Yes, that's objectively better. At least you have a choice to buy less frequently, or in smaller quantities. I was raised during the communism, where you did have a lot of cash, and the goods were cheap (because government was deciding both salaries and prices), but they were simply never in stock. It took a lot of time, effort and sometimes actual bribes to buy anything. That's what you get when you try to artificially limit prices.
Your anecdote is not an immutable truth but a memory of an intentional political act and training.
Very different early education can make a huge difference. But when you start out decades ago with a bunch of inept adults making an angry mess of their country, you get as you describe.
Stop living in your memory as if it’s physical law and not the result of shit leadership.

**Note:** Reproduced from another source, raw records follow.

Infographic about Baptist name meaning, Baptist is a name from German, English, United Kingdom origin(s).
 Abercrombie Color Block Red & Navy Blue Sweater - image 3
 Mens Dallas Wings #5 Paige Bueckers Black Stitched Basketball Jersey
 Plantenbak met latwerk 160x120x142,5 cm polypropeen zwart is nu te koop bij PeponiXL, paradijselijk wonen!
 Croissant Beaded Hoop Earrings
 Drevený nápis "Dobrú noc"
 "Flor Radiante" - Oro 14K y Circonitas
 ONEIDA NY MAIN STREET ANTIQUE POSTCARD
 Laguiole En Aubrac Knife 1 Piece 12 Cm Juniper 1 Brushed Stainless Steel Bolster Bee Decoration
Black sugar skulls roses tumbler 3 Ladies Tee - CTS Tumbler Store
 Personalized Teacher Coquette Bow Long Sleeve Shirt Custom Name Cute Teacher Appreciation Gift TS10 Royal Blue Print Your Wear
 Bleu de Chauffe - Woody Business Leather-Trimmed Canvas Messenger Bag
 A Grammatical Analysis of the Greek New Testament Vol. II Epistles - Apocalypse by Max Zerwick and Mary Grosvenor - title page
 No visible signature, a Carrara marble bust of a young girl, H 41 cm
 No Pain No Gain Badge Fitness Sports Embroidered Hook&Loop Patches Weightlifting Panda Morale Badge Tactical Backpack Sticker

"Unless there's some bread cartel/oligopoly, a bread seller can't just increase prices"
They can. Where else are you going to go? Due to lockdown the excess supply capacity that allows everybody in aggregate to leave supplier A and go to supplier B isn't there. Supplier B can't supply everybody and people don't want to or can't go without. Therefore Supplier A will sell their output at whatever price they decide.
For competition to work the turnover curve on the price/sales volume graph has to be leptokurtic. It isn't at present. Price can be pushed way up before volume is affected.
If the government dumps a shitload of cash on everyone and the demand for bread goes way up overnight then the bread seller would 100% raise his prices out of sync with the cost of wheat. The bread seller is either charitable or dumb if he doesn’t sell for whatever people are willing to pay.
So the US government dumped a shit load of cash on everyone and that’s why prices in the U.S. went up.
Which doesn’t explain why other countries, where the government didn’t dump a shitload of cash, are seeing even higher price increases than the U.S.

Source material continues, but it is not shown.